I spent the first half of my Monday frantically pulling together materials in preparation for an evening board meeting that was ultimately canceled. And so I find myself with an unexpectedly free night and a serious desire for solitude. On the way home I picked up a piece of salmon and some asparagus (hallelujah for green vegetables) to go with the ramps and fennel waiting in my refrigerator.

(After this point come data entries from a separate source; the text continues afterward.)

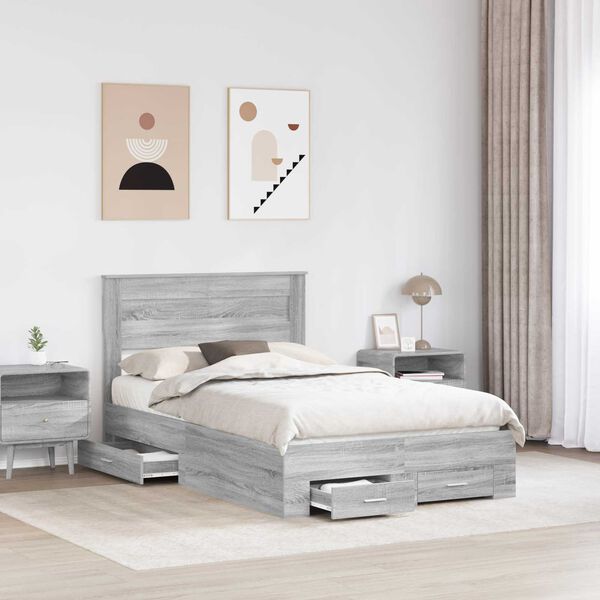 vidaXL Cadre de lit Gris Sonoma 135 x 190 cm Bois d'ing&eacute;nierie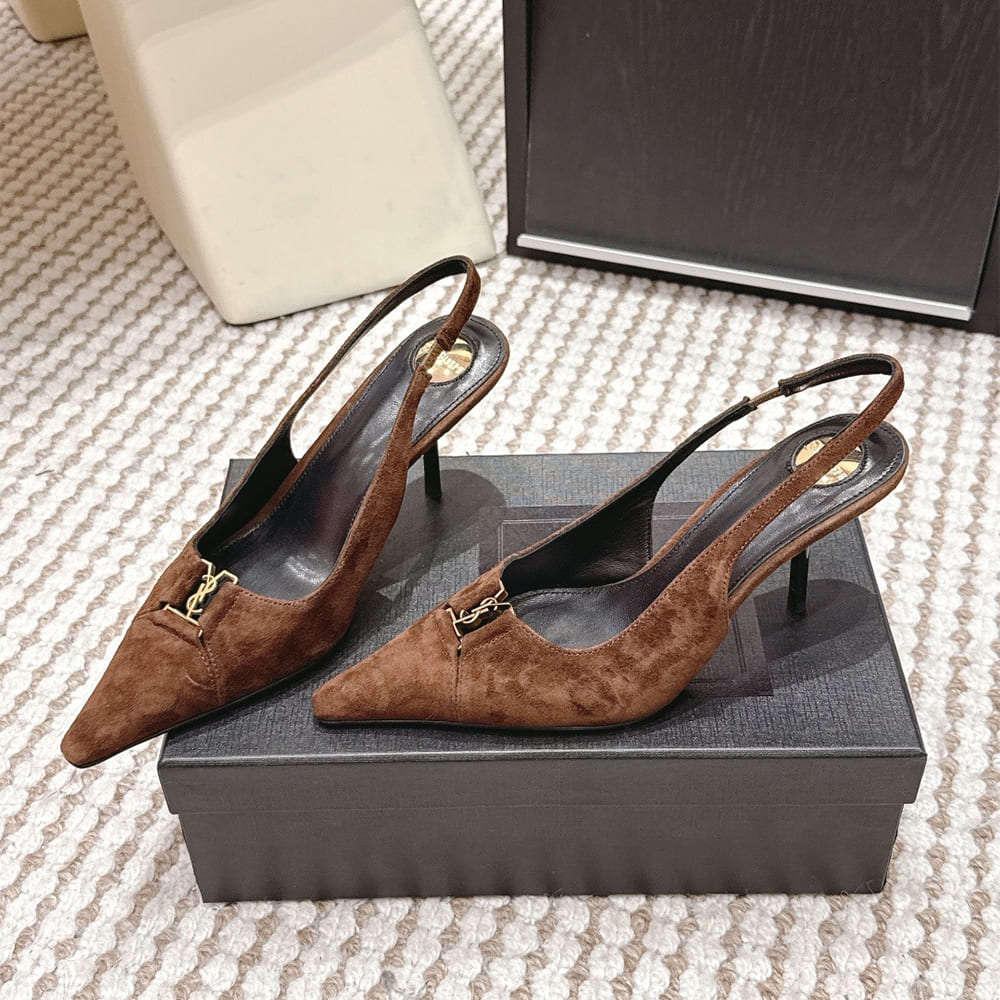 Y51 BABYLONE BRETEUIL slingback pumps in suede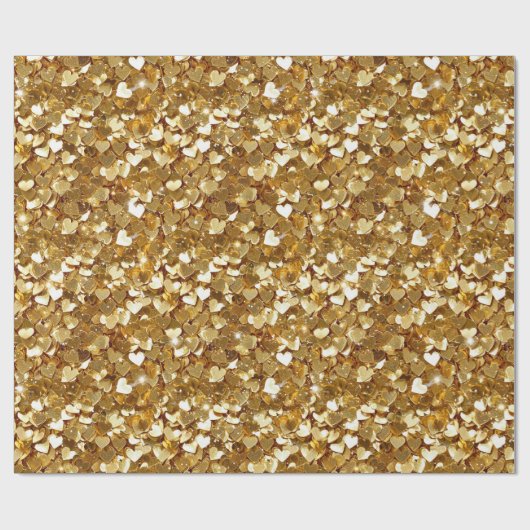 Chic Gold Sparkle Herz Geschenkpapier (Flach)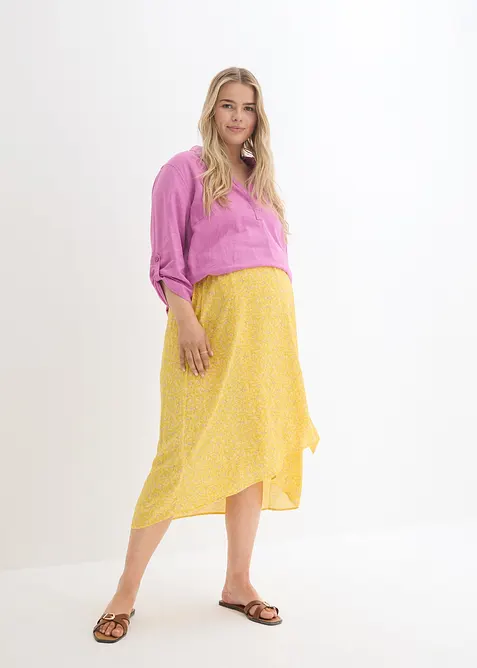 Blus med linne och 3/4-&auml;rmar, bonprix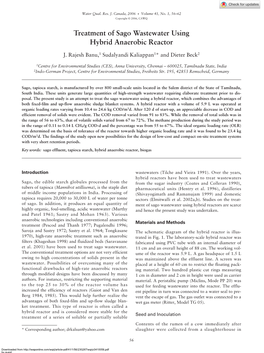 Treatment of Sago Wastewater Using Hybrid Anaerobic Reactor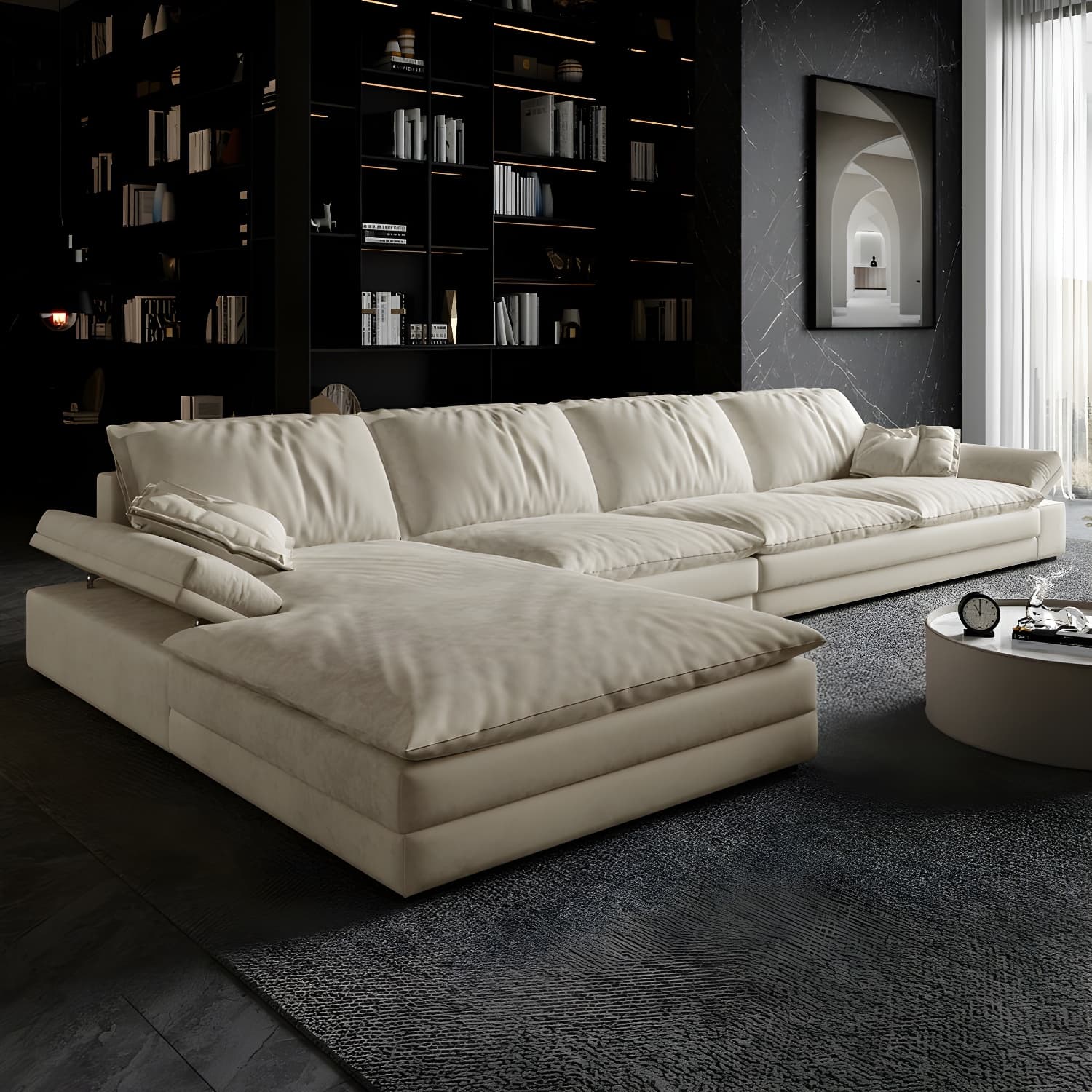 Beige Stationary Modern Sectional Sofa with Pillow Top Arm and Cushion Back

Salmon, Asparagus, Fennel & Ramps En Papillote
- 1/2 fennel bulb
- 8-10 asparagus stalks
- 3 ramps (or some thinly sliced shallots)
- 6-ounce salmon filet
- 2 tablespoons plain yogurt (ideally whole milk)
- splash of white wine
- zest of 1/2 lemon
- salt and pepper
- Pop a large cast iron skillet (or a baking sheet or dish of some sort) into the oven and set it to 400. Turn on the radio, strip off your work drag, pop open that bottle of Orvieto left by a dinner guest with excellent taste and pour yourself a glass.
- Lay a large piece of parchment on the kitchen counter. Rinse the fennel and then remove the stalks, reserving and finely chopping the fronds. Halve the bulb, core one half and then slice it as thinly as possible. Toss the sliced fennel onto one half of your parchment and pop the unsliced half into the fridge for a future use. Snap the woody ends off of the asparagus and layer the stalks on top of the fennel. Rinse the ramps, trim off the very tip, slice them in half lengthwise and lay them on top of the asparagus. Sprinkle with salt, pepper and lemon zest. While pouring yourself a second glass of wine, give the vegetables a little splash.
- Rinse the salmon, feeling for and removing any remaining bones, and pat dry. Place the fish on top of the vegetables and add more salt, pepper and lemon zest. Spoon the yogurt on top and garnish with the fennel fronds and more lemon zest.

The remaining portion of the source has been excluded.